Em agosto, a temperatura média dos oceanos, sem considerar as regiões polares, chegou a 21,07 ºC, igualando o recorde registrado em março de 2024, segundo o observatório europeu Copernicus. No hemisfério norte, o verão de 2026 também foi o mais quente desde 1993.
Um dos efeitos mais diretos ocorre na pesca. Ondas de calor marítimas podem provocar doenças e morte de espécies ou fazer com que os peixes migrem para águas mais frias. A redução da oferta pode levar ao fechamento de áreas de pesca e aumentar os preços dos alimentos, afetando também indústrias de processamento, exportadores e comerciantes.
No Marrocos, por exemplo, o aumento da temperatura das águas contribuiu para a redução das populações de sardinha, segundo especialistas.

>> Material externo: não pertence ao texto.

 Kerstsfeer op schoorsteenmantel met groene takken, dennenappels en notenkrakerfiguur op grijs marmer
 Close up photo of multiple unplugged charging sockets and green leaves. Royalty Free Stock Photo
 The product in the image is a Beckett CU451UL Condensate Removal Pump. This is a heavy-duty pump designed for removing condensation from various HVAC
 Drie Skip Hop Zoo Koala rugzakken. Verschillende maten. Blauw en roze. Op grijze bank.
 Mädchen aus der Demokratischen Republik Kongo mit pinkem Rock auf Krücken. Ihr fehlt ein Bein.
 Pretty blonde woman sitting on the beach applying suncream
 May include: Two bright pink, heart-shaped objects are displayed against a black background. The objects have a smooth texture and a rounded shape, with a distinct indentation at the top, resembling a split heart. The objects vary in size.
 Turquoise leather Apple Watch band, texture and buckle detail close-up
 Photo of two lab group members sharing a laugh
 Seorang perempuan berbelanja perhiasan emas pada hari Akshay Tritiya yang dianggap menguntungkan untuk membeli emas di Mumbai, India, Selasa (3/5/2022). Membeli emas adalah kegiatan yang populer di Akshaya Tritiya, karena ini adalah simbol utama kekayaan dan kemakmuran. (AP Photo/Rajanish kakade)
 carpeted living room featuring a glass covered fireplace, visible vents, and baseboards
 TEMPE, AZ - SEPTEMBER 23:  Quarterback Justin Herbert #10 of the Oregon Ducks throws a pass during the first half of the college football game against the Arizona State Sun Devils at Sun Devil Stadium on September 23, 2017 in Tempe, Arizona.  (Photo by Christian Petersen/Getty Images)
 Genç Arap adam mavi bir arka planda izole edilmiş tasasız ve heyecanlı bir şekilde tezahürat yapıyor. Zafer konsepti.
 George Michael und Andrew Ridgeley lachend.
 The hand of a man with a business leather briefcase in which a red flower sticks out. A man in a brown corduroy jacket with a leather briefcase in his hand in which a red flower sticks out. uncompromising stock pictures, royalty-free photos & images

O cenário levou à proibição de exportações e à escassez do produto no mercado europeu.
O turismo também é afetado. O aumento da temperatura dos mares provoca o branqueamento de corais e pode degradar recifes, comprometendo atividades como mergulho e observação da vida marinha. Hotéis, restaurantes, agências e trabalhadores de regiões dependentes do turismo costeiro podem sofrer as consequências.
A infraestrutura energética também está sujeita aos efeitos do aquecimento. Na França, reatores nucleares já precisaram ser desligados devido à proliferação de águas-vivas, que podem interferir nos sistemas que utilizam água do mar para o funcionamento das usinas.
Segundo pesquisadores, o principal fator por trás do aumento das temperaturas oceânicas é a mudança climática provocada pela atividade humana. Fenômenos naturais, como o El Niño, podem intensificar temporariamente o aquecimento.
Especialistas afirmam que governos, empresas e comunidades costeiras precisarão ampliar os investimentos em adaptação para enfrentar os impactos sobre produção, infraestrutura e renda. Ao mesmo tempo, defendem que a redução das emissões de gases de efeito estufa continue sendo a principal estratégia para conter o avanço do aquecimento dos oceanos.